Lakin Malala küçük ama son derece güçlü ve inatçı bir kız çocuğu idi.
İyileşti, aktivizmine kaldığı yerden devam etti. Nobel komitesi 2013
Barış Ödülü'nü ona vermeyerek büyük haksızlık ettiyse de, o gönüllerin
Nobel ve Oscar'ını çoktan kaptı.
En iyi yardımcı erkek oyuncu: Edward Snowden. 30
yaşındaki bu genç adam bir anda tüm dünyanın tartıştığı bir skandalın
merkez aktörü oldu. CIA'de ve NSA'de (Ulusal Güvenlik Birimi) çalıştı ve
çalıştığı bu kurumların gizli belgelerini medyaya sızdırdı.
Müttefiklerini bile dinlediği ortaya çıkan Amerikan hükümeti küresel bir
telekulak skandalının merkezinde buldu kendini. Snowden Amerika
muhalifleri için bir kahraman, Amerikan vatanseverleri için bir hain,
olaya dışardan bakanlar için biraz tuhaf ve şaibeli bir figürdü.
Amerikan emperyalizminden kaçıp, Rusya'ya sığınma talebi ile yerleşmesi,
vurguladığı demokrasi ve şeffaflık kavramlarından ne anladığı konusunda
şüpheler oluşturmadı değil.
En iyi görsel efekt: Suriye'deki radikal unsurların videoları. Sık
sık Youtube'a yükledikleri hepsi birbirinden fantastik ve vahşi
videolar ile Suriye'deki radikaller 2013 yılında da Suriye'de denilince
akla insani trajedi yerine el-Kaide gelmesine alan hazırladılar.
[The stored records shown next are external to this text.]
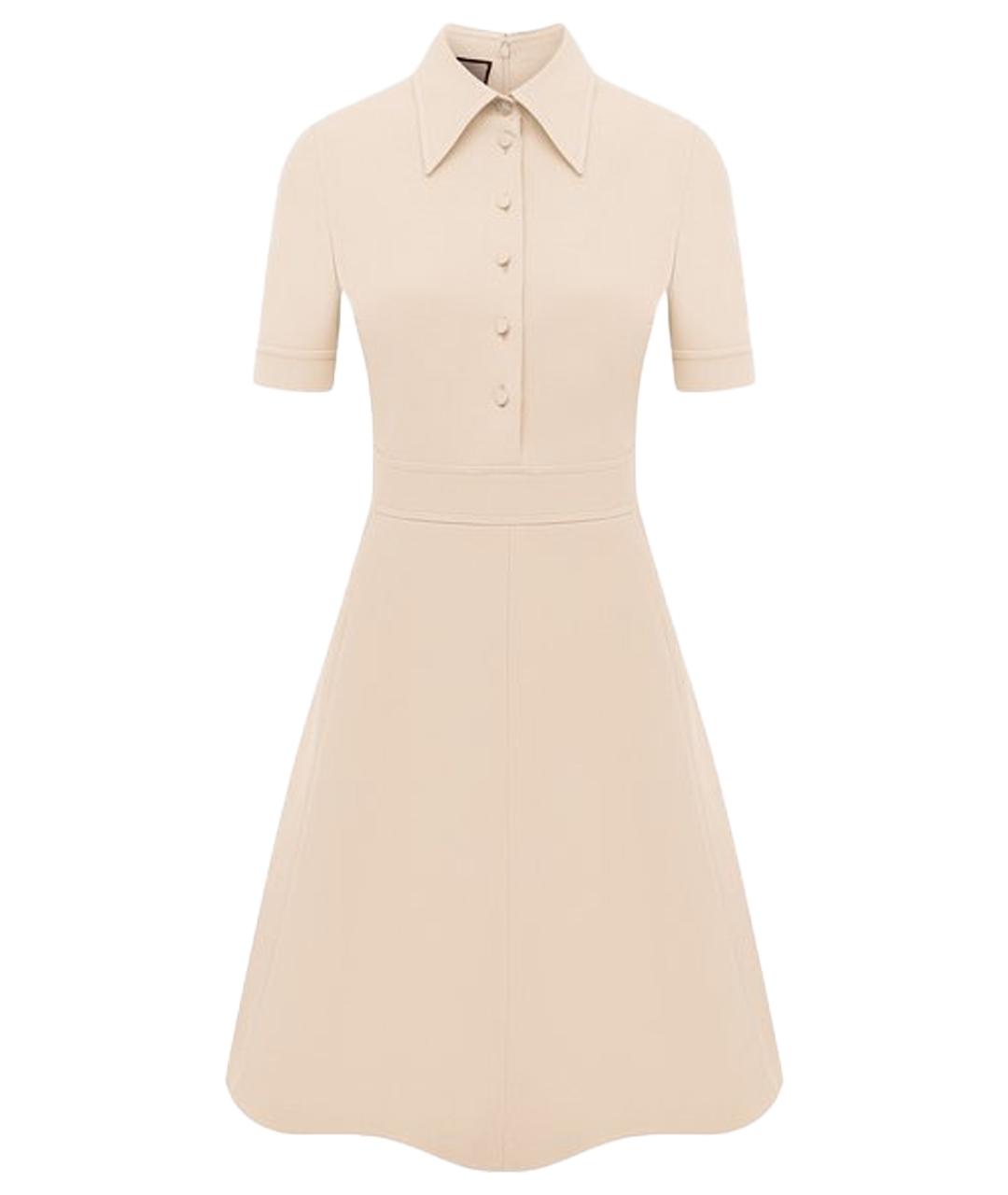 GUCCI Бежевое шелковое повседневное платье, фото 1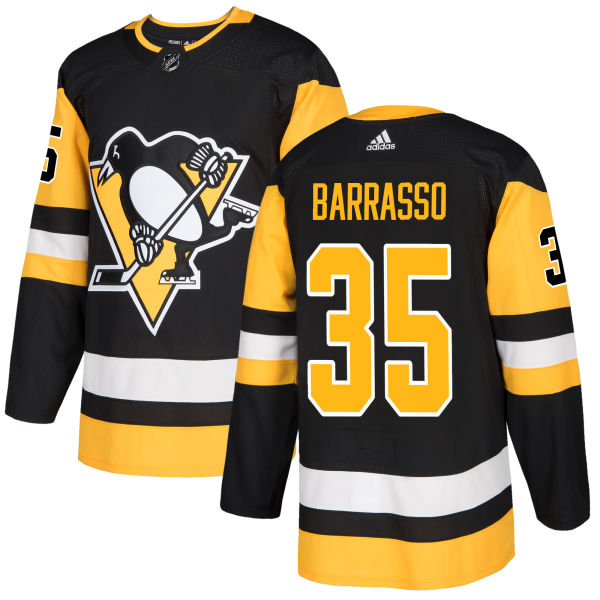 Adidas Men Pittsburgh Penguins 35 Tom Barrasso Black Home Authentic Stitched NHL Jersey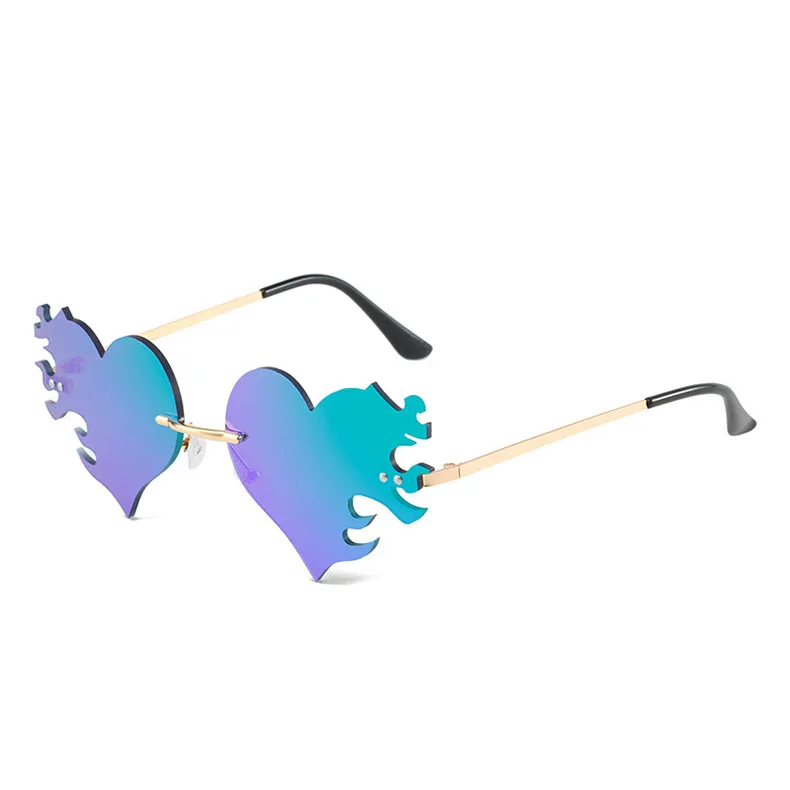

Hot Sell Wholesale Heart Shades Party Custom Logo Printed Fashionable Metal Rimless Ocean Lens Women Sunglasses 2022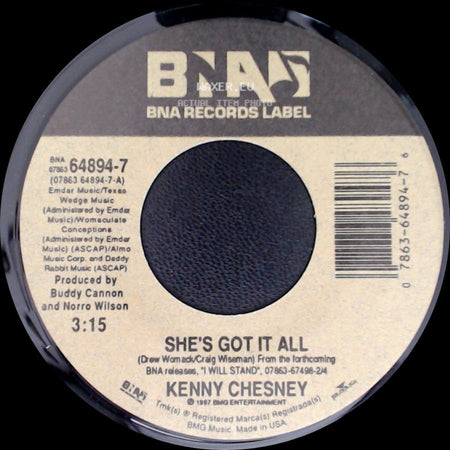 Kenny Chesney - Lonely, Needin' Lovin' / She's Got It All side B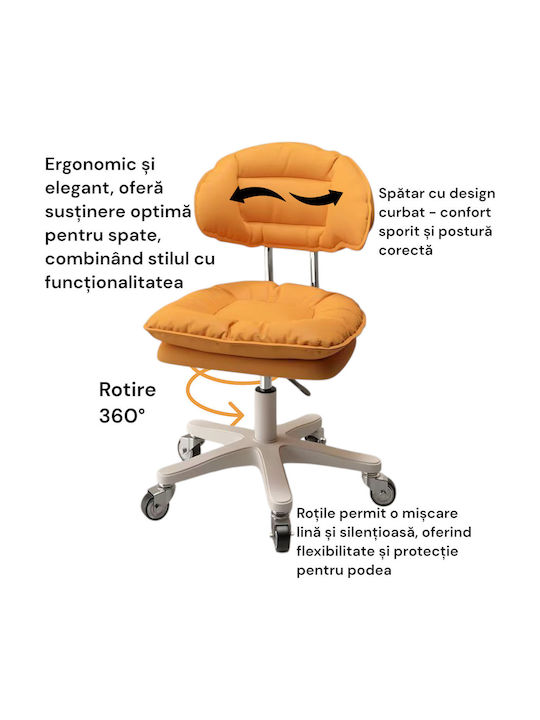 Office & Desk Stool with Backrest Orange 42x46x65cm
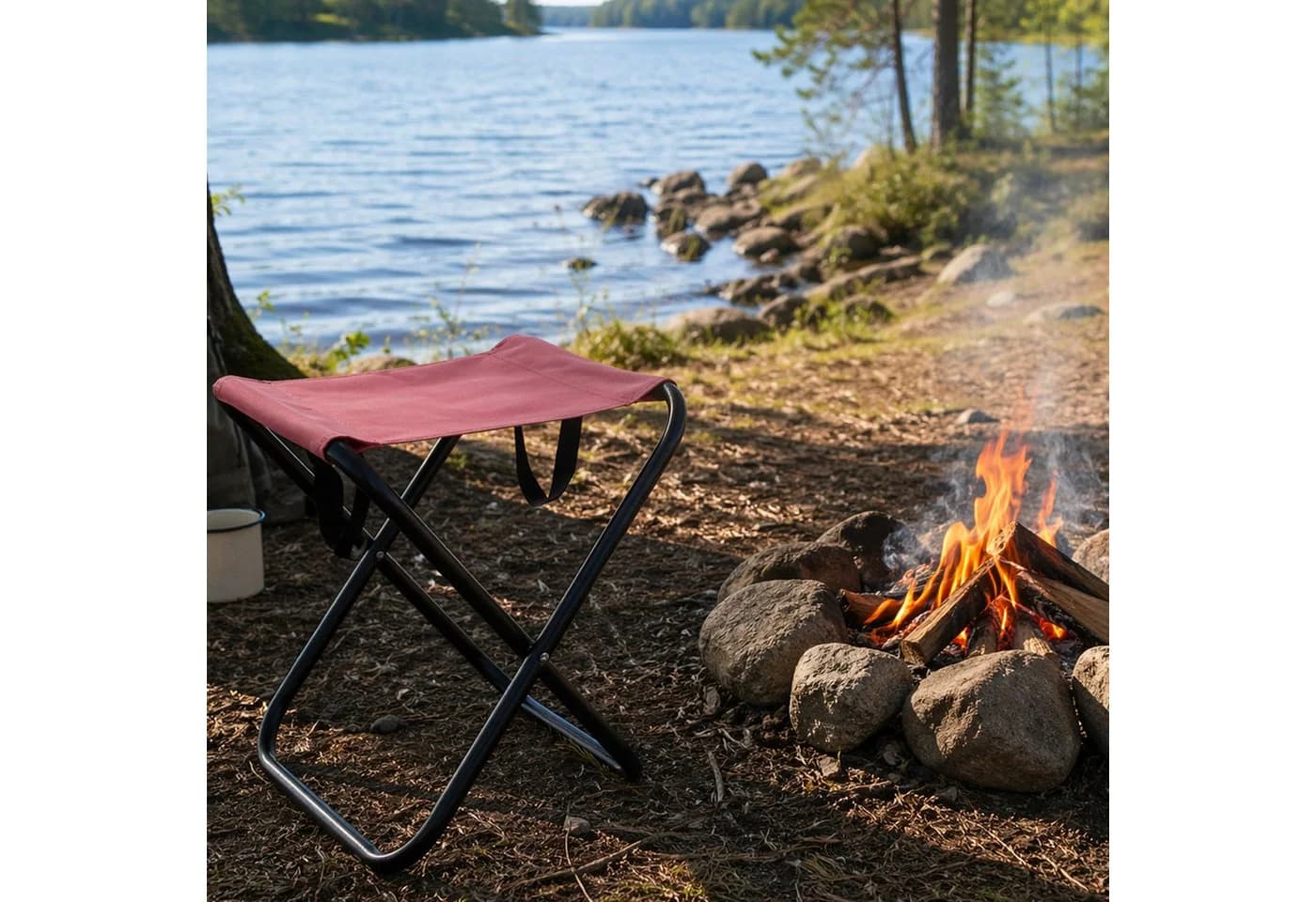 Mojawo Klapphocker Outdoor Camping Hocker Braun Schwarz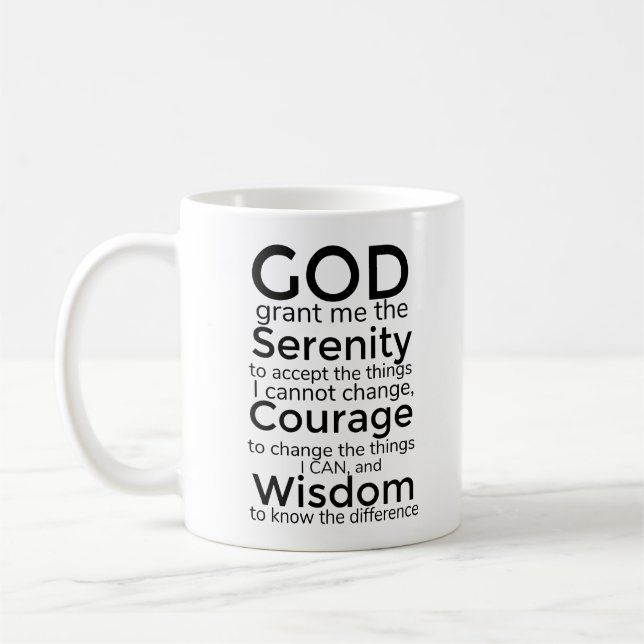 Caneca De Café Serenity Prayer em caracteres negros e limpos Coff (Esquerda)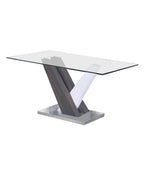Tavolo da pranzo con piano in vetro e base a piedistallo in MDF bianco e grigio, dettagli cromati, 160 cm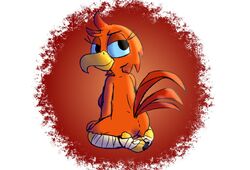 amara_(windborn) anthro ass avian baggy_(artist) beak bird bird_feet blue_eyes chibi eyelashes feathers female kneeling leg_wrappings nude orange_body rear_view red_body red_feathers smile solo tail_feathers windborn yellow_beak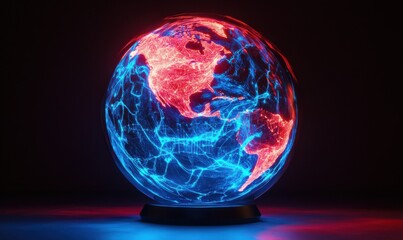Futuristic globe glowing in neon blue and red, symbolizing global data networks and technological advancement.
Kâh
kestikleri kafalar ile verdikleri mutluluk pozları, kâh adil yargılama
örneği olarak sundukları infaz görüntüleri ile, Esad'ın beceremediğini
yapıp Suriye muhalefetinin bir avuç manyak olarak lanse edilmesine imkân
sağladılar. Videoların kalitesi düşük de olsa, grotesk anlatımları ile
zihinde bıraktıkları etki tarif edilemez oldu...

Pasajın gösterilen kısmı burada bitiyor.